**Task goal:**
Two lines mark the range in the entries below: the one holding "Meet your Posher, Maxine" and the one holding "Image de Gorgeous". Set down those two and all lines between them, exactly.

**Records from a dataset:**
┌──
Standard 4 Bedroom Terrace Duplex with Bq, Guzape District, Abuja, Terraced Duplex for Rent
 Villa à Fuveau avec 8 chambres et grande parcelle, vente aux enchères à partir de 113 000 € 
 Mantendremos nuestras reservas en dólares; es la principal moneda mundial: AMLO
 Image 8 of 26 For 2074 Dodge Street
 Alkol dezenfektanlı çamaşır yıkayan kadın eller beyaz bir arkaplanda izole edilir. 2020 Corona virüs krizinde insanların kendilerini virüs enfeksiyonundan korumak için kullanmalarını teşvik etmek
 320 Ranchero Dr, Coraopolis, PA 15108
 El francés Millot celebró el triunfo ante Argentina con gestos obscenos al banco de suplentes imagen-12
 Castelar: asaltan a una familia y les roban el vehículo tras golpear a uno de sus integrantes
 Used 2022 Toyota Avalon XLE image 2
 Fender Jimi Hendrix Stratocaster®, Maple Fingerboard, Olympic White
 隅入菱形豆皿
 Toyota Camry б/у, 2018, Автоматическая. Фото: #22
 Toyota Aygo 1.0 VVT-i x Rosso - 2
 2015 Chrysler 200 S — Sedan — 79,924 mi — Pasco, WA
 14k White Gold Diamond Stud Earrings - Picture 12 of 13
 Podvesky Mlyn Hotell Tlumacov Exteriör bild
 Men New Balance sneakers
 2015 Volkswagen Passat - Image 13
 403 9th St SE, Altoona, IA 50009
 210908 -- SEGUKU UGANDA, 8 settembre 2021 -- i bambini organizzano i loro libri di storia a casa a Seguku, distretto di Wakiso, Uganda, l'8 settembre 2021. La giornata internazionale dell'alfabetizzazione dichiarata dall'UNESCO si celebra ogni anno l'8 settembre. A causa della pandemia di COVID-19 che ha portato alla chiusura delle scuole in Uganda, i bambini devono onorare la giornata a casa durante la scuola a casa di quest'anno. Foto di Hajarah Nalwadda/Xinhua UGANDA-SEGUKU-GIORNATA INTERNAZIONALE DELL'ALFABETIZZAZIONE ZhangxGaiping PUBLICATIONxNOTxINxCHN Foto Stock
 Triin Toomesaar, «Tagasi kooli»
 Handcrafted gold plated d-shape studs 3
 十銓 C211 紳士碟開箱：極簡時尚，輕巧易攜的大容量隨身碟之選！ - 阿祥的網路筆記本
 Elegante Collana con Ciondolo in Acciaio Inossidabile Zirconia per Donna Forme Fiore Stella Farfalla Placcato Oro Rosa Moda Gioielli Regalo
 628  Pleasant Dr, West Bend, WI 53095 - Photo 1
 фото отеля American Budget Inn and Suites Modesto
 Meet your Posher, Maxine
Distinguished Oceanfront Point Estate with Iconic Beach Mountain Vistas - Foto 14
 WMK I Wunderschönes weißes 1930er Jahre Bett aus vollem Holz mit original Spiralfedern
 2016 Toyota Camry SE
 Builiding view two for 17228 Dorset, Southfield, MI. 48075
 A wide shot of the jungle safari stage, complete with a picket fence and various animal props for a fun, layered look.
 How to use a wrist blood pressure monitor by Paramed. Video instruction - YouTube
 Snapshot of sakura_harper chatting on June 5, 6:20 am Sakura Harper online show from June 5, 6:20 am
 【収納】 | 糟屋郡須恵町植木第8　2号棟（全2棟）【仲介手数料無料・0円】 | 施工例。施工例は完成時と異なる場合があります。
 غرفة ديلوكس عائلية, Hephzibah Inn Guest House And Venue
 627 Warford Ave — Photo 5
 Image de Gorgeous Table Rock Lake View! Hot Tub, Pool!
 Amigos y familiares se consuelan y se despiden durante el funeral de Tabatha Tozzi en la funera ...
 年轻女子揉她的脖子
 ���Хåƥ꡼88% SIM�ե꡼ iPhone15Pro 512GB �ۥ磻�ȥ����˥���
└──
**Response to the exercise:**
 Meet your Posher, Maxine
Distinguished Oceanfront Point Estate with Iconic Beach Mountain Vistas - Foto 14
 WMK I Wunderschönes weißes 1930er Jahre Bett aus vollem Holz mit original Spiralfedern
 2016 Toyota Camry SE
 Builiding view two for 17228 Dorset, Southfield, MI. 48075
 A wide shot of the jungle safari stage, complete with a picket fence and various animal props for a fun, layered look.
 How to use a wrist blood pressure monitor by Paramed. Video instruction - YouTube
 Snapshot of sakura_harper chatting on June 5, 6:20 am Sakura Harper online show from June 5, 6:20 am
 【収納】 | 糟屋郡須恵町植木第8　2号棟（全2棟）【仲介手数料無料・0円】 | 施工例。施工例は完成時と異なる場合があります。
 غرفة ديلوكس عائلية, Hephzibah Inn Guest House And Venue
 627 Warford Ave — Photo 5
 Image de Gorgeous Table Rock Lake View! Hot Tub, Pool!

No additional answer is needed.